Cyril Farrell: People say Galway can't handle favourites' tag - I don't buy that at all
This is it for Galway. It's 'stand up and be counted' time. The days of team-building and looking to the future are over.
The contract has been prepared and the pen provided so now it's a question of whether they sign off on the deal.
Not just tomorrow either. Reaching another All-Ireland final will count for nothing unless it's won.
Kilkenny, who have been a major problem for Galway, are off the pitch.
Tipperary appear to have slipped a little from last year, Cork are still building and doubts persist about whether Waterford can go all the way so this is Galway's big chance to take over at No 1.
They certainly have the technical ability to do it so now it's all about mental toughness. That's a deep and personal thing, which only each individual player can address for himself.
There's always a doubt about it until a team wins an All-Ireland, even more so in Galway's case, since they have been hovering at the door for so long without taking the big step inside.
Why is that the case? Only they can answer. A lot of them have been around for a good few years and realise that opportunities won't keep coming. This year offers the best chance - possibly even a career-defining chance.
Having won the All-Ireland last year, we know that Tipperary possess the mental durability required at this level. Indeed, some of them were successful in 2010 too, so the right type of experience is there.
While Tipperary have no question to answer on that front, defensive issues have arisen this year, creating doubts about their prospects of winning the two in a row.
It's quite simple really. If the full-back line is as unreliable tomorrow as it has been, Tipp's goose is cooked.
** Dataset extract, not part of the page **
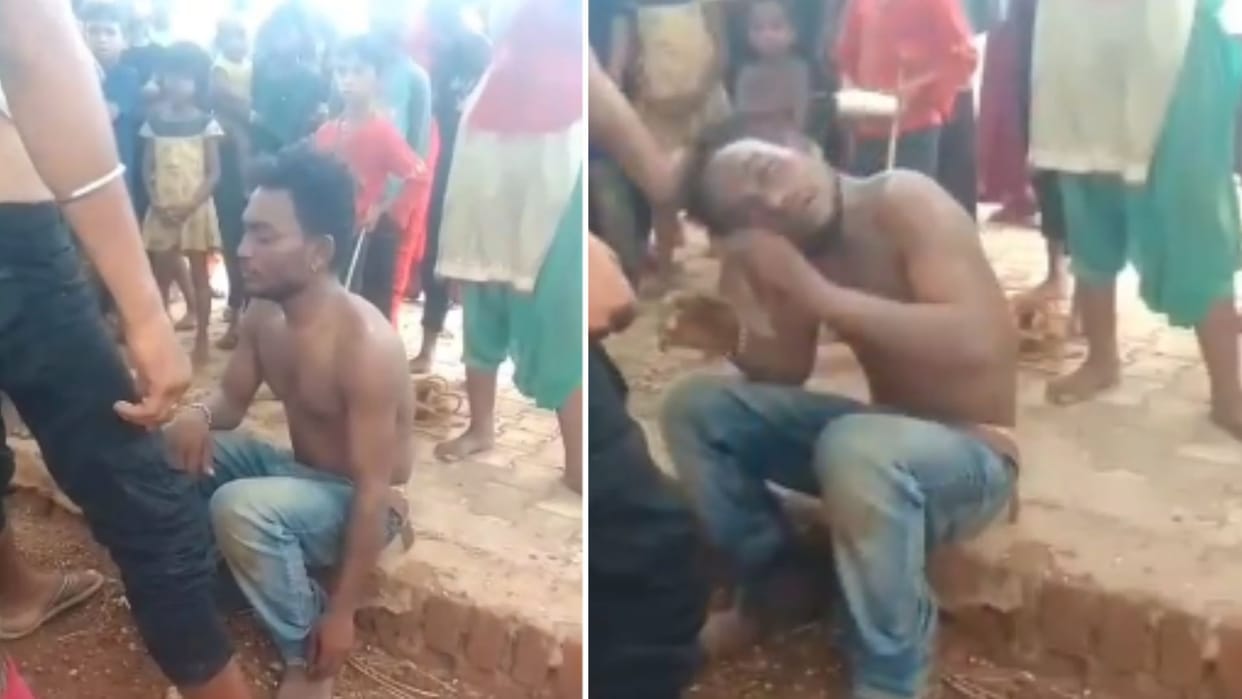 Two youths were tied a tree and beaten up charge of mobile theft in mirzapur video goes viral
Of course, they could be much better, in which case the dynamic changes.
After all, James Barry, who has been unsettled this summer, was an All-Star full-back last year so we know what he is capable of. It could come right again for him tomorrow.
Galway will certainly go about testing Tipp's back three early on, probably with Joe Canning dropping in around full-forward, the role he filled so successfully in his early days. He might not be sited there all the time but I'm sure he'll drift in that direction to test Tipperary nerves.
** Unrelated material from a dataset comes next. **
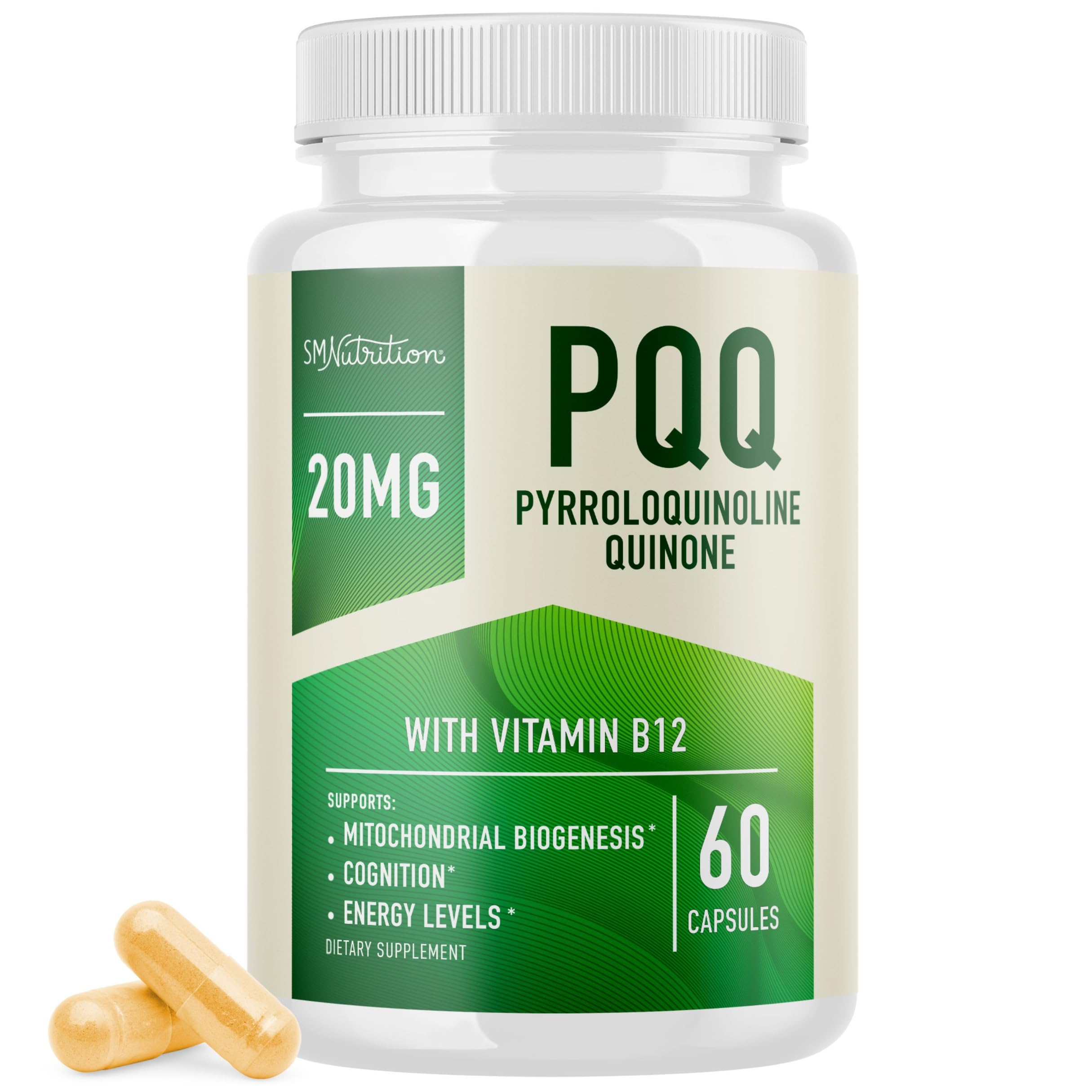 PQQ Supplement 20mg | Mitochondrial Biogenesis & Energy Optimizer With CoQ10 & Vitamin B12 | Supports Brain Health & Mitochondria Production | Ultra PQQ Formula | Vegan, Gluten-Free | 60 Capsules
Michael Ryan isn't one to go for a sweeper but Brendan Maher will probably drop back a little from midfield to tighten the defensive bolts, just as David Burke will do for Galway.
Overall, though, this will be a good old-fashioned shoot-out, as Galway-Tipp games almost always are.
Much of the focus has been on Tipp's defensive problems but what about the other end, where Galway are facing a much tougher examination than they got in Leinster?
Seamus Callanan, John O'Dwyer and the McGraths are so comfortable on the ball that they will always build up a big score if the supply is right. 'Bonner' Maher is vital too for a different reason.
His strike rate is fairly low but his ability to win possession and drive at defences opens up all kinds of avenues for his more prolific colleagues.
If both sides hurled at maximum capacity, Galway would have the edge, which brings us back to their mentality.
It has been suspect, although it must be said the problem manifested itself mostly against Kilkenny, rather than Tipperary.
I've heard it said that Galway don't do well as favourites but I don't think that's remotely relevant.
If a team is going to win an All-Ireland they have to be able to cope with everything. Besides, it's quality that earns the favourites' tag so how can that be a drawback?
I fancied Galway for the All-Ireland from the start this year and have seen nothing to make me alter my view.
They can take a step closer tomorrow.